Она плутала в напрасных поисках по темному и холодному пространству, пока не заметила в полумраке перед собой строгий прямоугольник огромной двери. Ах, я у порога, догадалась она, вот почему это место показалось мне знакомым. И сделала несколько шагов к громадной двери – хотя прекрасно знала, что она наглухо закрыта, – напряженно соображая, как можно выйти отсюда, если дверь, как всегда, окажется заперта.
Дверь, конечно же, была заперта, это было ясно видно даже в полумраке и даже издали, и Виолетта беспомощно озиралась, думая о том, как бы найти кого-то, кто знал бы эти места и указал бы ей дорогу.

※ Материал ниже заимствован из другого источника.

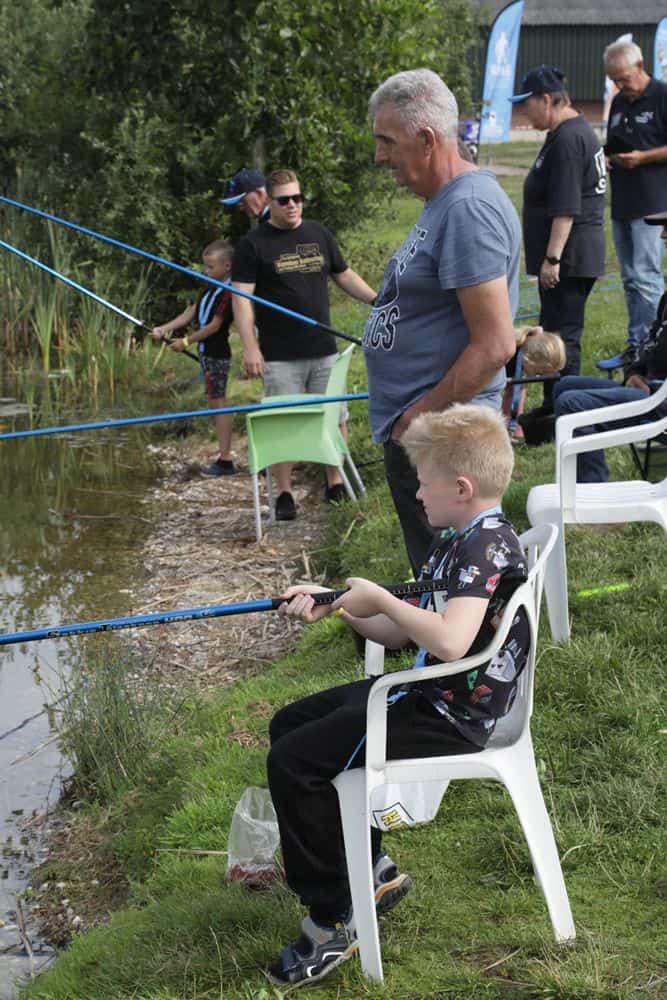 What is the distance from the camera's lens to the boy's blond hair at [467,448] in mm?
2600

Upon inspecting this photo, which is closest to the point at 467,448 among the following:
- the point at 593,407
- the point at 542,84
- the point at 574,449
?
the point at 574,449

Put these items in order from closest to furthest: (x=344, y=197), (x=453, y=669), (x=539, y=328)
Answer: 1. (x=453, y=669)
2. (x=539, y=328)
3. (x=344, y=197)

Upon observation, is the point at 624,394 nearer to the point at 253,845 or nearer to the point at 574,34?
the point at 253,845

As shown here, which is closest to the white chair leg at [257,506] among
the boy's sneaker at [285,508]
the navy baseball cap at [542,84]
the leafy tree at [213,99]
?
→ the boy's sneaker at [285,508]

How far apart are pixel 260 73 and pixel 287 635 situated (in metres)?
6.61

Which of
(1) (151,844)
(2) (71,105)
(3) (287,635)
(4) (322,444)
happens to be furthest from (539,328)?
(2) (71,105)

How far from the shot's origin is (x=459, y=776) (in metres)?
2.60

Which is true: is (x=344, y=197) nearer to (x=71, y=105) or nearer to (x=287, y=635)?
(x=71, y=105)

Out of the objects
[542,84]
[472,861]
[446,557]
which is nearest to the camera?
[446,557]

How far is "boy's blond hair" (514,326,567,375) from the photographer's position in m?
5.78

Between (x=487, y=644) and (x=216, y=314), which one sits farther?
(x=216, y=314)

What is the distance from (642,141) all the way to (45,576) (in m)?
3.74

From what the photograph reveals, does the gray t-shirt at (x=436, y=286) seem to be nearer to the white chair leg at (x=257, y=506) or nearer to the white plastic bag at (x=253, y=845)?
the white plastic bag at (x=253, y=845)

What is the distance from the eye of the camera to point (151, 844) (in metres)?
3.74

И так же, как когда-то, то ли давным-давно, то ли совсем недавно, она с удивлением осознала, что совершенно одна в этой глуши перед дверью и даже отца с ней нет, и никак не могла понять, почему здесь нет ни его, ни кого-нибудь еще из тысяч других людей. Наверно, никто из этих других не хочет признаваться, что и он среди ждущих у порога. А может, те, другие, попрятались по темным углам подземелья, где она одна, худая, зябнущая, стояла, дрожа, в штопаном своем трико перед огромной, торжественной и неумолимой дверью.